Mahny Djahanguiri, the founder of DogaMahny, presses her hand to her heart as I thank her for the class I have just taken, a 90-minute "doga" beginners' session. “You have to experience doga to really get it,” she says, as she pulls me into a lovely big hug. “Really, there are no words.”
In Mahny’s book, she describes doga as “a symbiotic bonding exercise [between the dog and owner] using the ancient tradition of yoga”. The class I had just been to was a mixture of first-timers, journalists and regular enthusiasts. And that was just the humans. Also in attendance were about 15 dogs of all types and sizes.
I, like much of the population, am borderline-obsessed with dogs. I’m that person who stares at dogs on the Tube, like a deranged canine snatcher. I’m that person in the pub who makes everyone uncomfortable by approaching total strangers and going, “Awww, can I say hello to your dog?” I am on BorrowMyDoggy. I went to the pug café. However, for a variety of very practical and grown-up reasons, I don’t own a dog myself and this is a source of constant pain and regret. Luckily, for the purposes of dog yoga, my friend Steph was very happy to lend me her dog, Bramble. Bramble lives in the countryside and is a working cocker spaniel, more accustomed to fetching dead pheasants from across muddy farmland than taking part in a dog yoga class in Shoreditch. So going to doga would be a new experience for us both.
To kick things off, Mahny tells us to arrange our mats in a circle; this, she explains, will create a safe space for the dogs. “We’re a pack,” she says, casting her arms wide in a gesture of welcome to humans and dogs alike. We close our eyes and Mahny leads a chant. Bramble, meanwhile, is running around the room in a maniacal fashion, pursued by a corgi and a scruffy terrier. I half-open one eye just in time to see her career into the legs of a photographer, who stumbles slightly, looking alarmed. “Do not attempt to control your dog,” Mahny calls from the centre of the circle. “Let go.”

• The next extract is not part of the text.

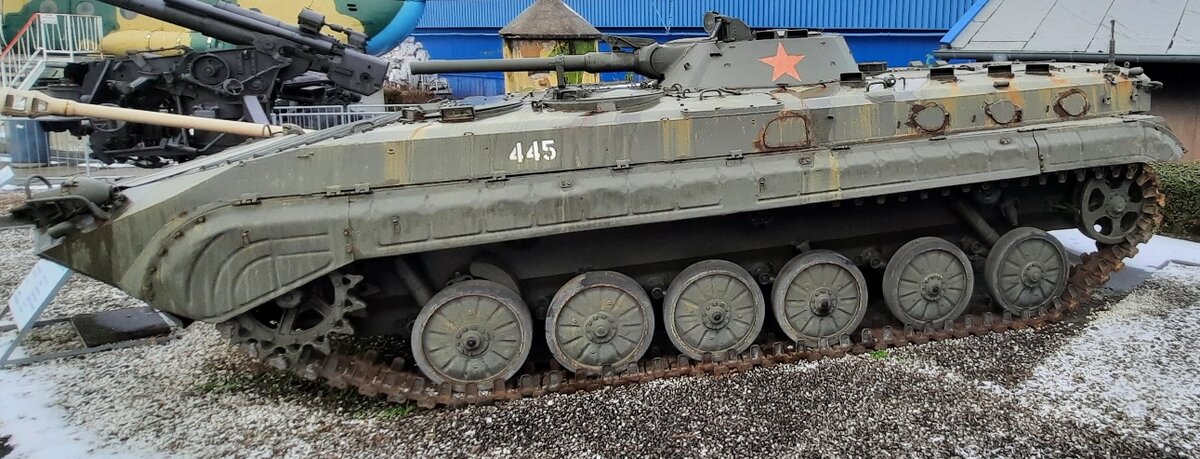 БМП-1 была настоящим прорывом в производстве бронетехники. Но концепция ее применения не предполагала мощного бронирования. А Мардер сумела опередить время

Afterwards, we begin a breathing exercise. Sitting cross-legged, we stick out our tongues, dog-like, and pant while Mahny admonishes us for our British reserve. “Don’t be shy! Really stick those tongues out!” Bramble, returning from her investigation of the shoe rack, stands squarely in front of me, staring in a way that I can’t help but interpret as mocking. “Expect licks in the face,” warns Mahny, “as your dogs start to engage with us and pick up on our energy. They will absorb our calm.” Sure enough, Bramble jumps up, pushing her face into mine, perhaps suspecting that I have lost my mind. Around the room, dogs return to their owners and slowly a spooky stillness descends.

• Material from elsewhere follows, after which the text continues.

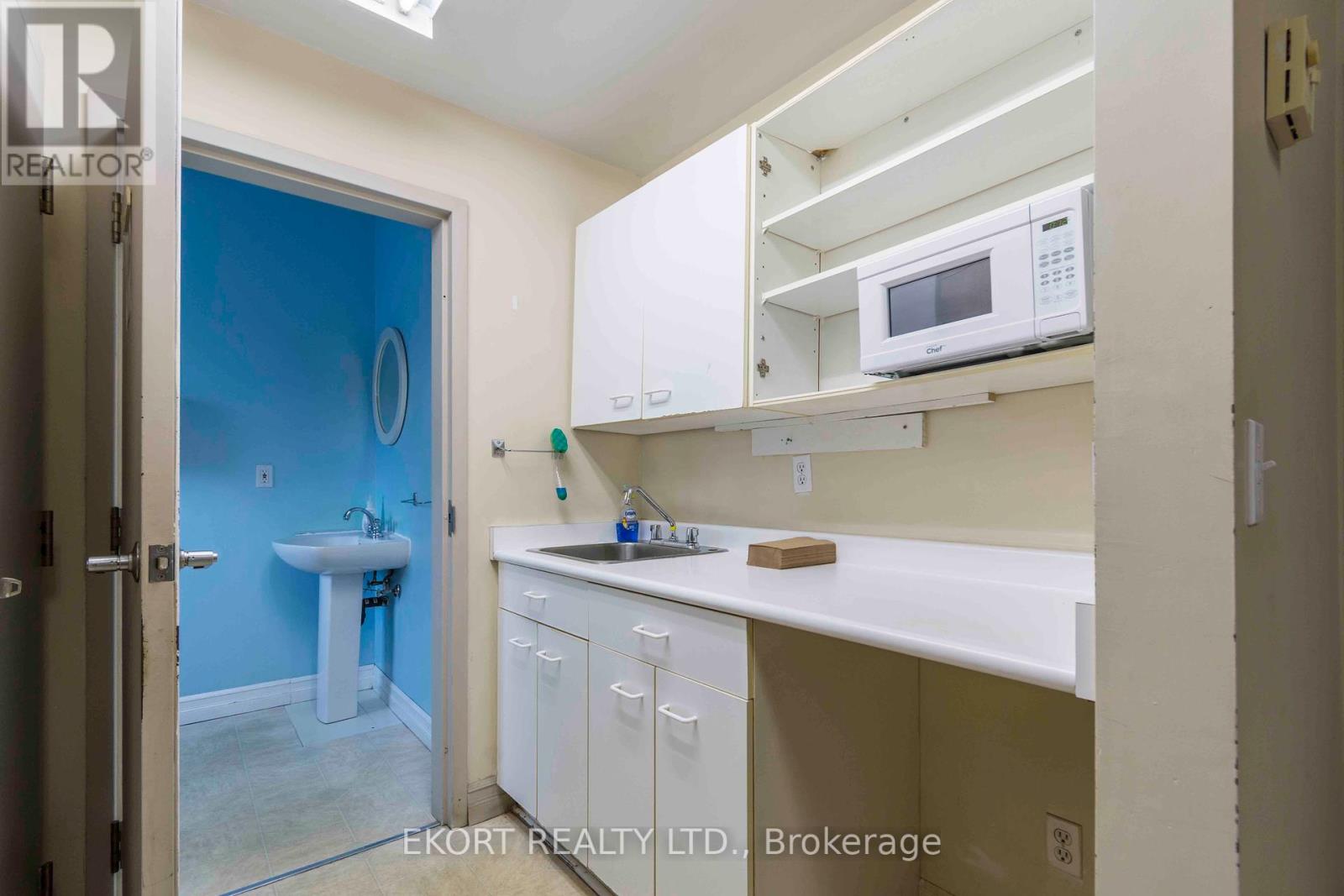 270 West Street, Quinte West, Ontario  K8V 2N3 - Photo 18 - X12350626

As we go into downward-facing dog, I close my eyes and attempt to enter the moment, but my zen-like calm is disrupted by my friend Lisa, who despite being a far more experienced yoga practitioner than me, has nevertheless allowed herself to be distracted by something and has begun to giggle uncontrollably. I turn to see two small dogs enthusiastically humping, inches from Lisa’s face. Luckily for Lisa, everybody moving into boat pose proves adequately diverting and the canine couple, suddenly indifferent to one another, trot off in opposite directions.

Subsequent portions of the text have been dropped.